Down to the final line, write out the data below exactly.

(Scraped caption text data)
*** Block opens ***
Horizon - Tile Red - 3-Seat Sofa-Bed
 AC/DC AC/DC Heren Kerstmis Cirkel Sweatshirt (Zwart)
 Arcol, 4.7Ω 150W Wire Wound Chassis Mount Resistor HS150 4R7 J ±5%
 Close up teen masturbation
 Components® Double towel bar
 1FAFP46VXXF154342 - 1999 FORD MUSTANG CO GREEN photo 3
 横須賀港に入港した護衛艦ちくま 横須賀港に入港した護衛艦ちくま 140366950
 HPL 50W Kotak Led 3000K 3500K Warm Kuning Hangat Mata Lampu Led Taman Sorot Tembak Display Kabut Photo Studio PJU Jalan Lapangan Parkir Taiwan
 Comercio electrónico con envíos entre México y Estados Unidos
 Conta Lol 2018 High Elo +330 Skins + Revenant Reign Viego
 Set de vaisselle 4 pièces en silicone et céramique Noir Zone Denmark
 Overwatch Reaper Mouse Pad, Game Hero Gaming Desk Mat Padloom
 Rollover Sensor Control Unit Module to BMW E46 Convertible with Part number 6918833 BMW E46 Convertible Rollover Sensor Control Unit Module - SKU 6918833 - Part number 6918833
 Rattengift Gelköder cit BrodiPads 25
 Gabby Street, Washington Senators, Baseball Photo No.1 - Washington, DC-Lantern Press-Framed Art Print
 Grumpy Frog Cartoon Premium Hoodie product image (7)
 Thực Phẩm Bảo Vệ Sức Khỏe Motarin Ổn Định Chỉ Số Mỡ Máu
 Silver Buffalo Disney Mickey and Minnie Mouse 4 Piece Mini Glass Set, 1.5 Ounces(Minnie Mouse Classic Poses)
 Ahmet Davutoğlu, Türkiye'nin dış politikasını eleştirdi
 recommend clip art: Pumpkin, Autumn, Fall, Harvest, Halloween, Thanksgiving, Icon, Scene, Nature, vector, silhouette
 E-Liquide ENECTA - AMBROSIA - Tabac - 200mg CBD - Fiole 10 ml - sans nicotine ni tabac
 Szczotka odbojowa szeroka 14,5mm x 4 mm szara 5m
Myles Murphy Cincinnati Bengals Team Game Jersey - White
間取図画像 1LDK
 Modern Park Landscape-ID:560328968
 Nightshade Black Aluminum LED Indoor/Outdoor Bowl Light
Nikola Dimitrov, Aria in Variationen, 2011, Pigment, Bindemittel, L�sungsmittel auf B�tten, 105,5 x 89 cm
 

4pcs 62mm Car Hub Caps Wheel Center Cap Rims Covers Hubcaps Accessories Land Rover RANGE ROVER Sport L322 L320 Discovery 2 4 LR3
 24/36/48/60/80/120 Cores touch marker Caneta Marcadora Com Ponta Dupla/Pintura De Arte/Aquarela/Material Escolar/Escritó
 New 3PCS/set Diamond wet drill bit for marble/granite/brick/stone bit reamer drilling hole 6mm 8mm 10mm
*** Block closes ***
Written solution →
Horizon - Tile Red - 3-Seat Sofa-Bed
 AC/DC AC/DC Heren Kerstmis Cirkel Sweatshirt (Zwart)
 Arcol, 4.7Ω 150W Wire Wound Chassis Mount Resistor HS150 4R7 J ±5%
 Close up teen masturbation
 Components® Double towel bar
 1FAFP46VXXF154342 - 1999 FORD MUSTANG CO GREEN photo 3
 横須賀港に入港した護衛艦ちくま 横須賀港に入港した護衛艦ちくま 140366950
 HPL 50W Kotak Led 3000K 3500K Warm Kuning Hangat Mata Lampu Led Taman Sorot Tembak Display Kabut Photo Studio PJU Jalan Lapangan Parkir Taiwan
 Comercio electrónico con envíos entre México y Estados Unidos
 Conta Lol 2018 High Elo +330 Skins + Revenant Reign Viego
 Set de vaisselle 4 pièces en silicone et céramique Noir Zone Denmark
 Overwatch Reaper Mouse Pad, Game Hero Gaming Desk Mat Padloom
 Rollover Sensor Control Unit Module to BMW E46 Convertible with Part number 6918833 BMW E46 Convertible Rollover Sensor Control Unit Module - SKU 6918833 - Part number 6918833
 Rattengift Gelköder cit BrodiPads 25
 Gabby Street, Washington Senators, Baseball Photo No.1 - Washington, DC-Lantern Press-Framed Art Print
 Grumpy Frog Cartoon Premium Hoodie product image (7)
 Thực Phẩm Bảo Vệ Sức Khỏe Motarin Ổn Định Chỉ Số Mỡ Máu
 Silver Buffalo Disney Mickey and Minnie Mouse 4 Piece Mini Glass Set, 1.5 Ounces(Minnie Mouse Classic Poses)
 Ahmet Davutoğlu, Türkiye'nin dış politikasını eleştirdi
 recommend clip art: Pumpkin, Autumn, Fall, Harvest, Halloween, Thanksgiving, Icon, Scene, Nature, vector, silhouette
 E-Liquide ENECTA - AMBROSIA - Tabac - 200mg CBD - Fiole 10 ml - sans nicotine ni tabac
 Szczotka odbojowa szeroka 14,5mm x 4 mm szara 5m
Myles Murphy Cincinnati Bengals Team Game Jersey - White
間取図画像 1LDK
 Modern Park Landscape-ID:560328968
 Nightshade Black Aluminum LED Indoor/Outdoor Bowl Light
Nikola Dimitrov, Aria in Variationen, 2011, Pigment, Bindemittel, L�sungsmittel auf B�tten, 105,5 x 89 cm
 

4pcs 62mm Car Hub Caps Wheel Center Cap Rims Covers Hubcaps Accessories Land Rover RANGE ROVER Sport L322 L320 Discovery 2 4 LR3
 24/36/48/60/80/120 Cores touch marker Caneta Marcadora Com Ponta Dupla/Pintura De Arte/Aquarela/Material Escolar/Escritó
 New 3PCS/set Diamond wet drill bit for marble/granite/brick/stone bit reamer drilling hole 6mm 8mm 10mm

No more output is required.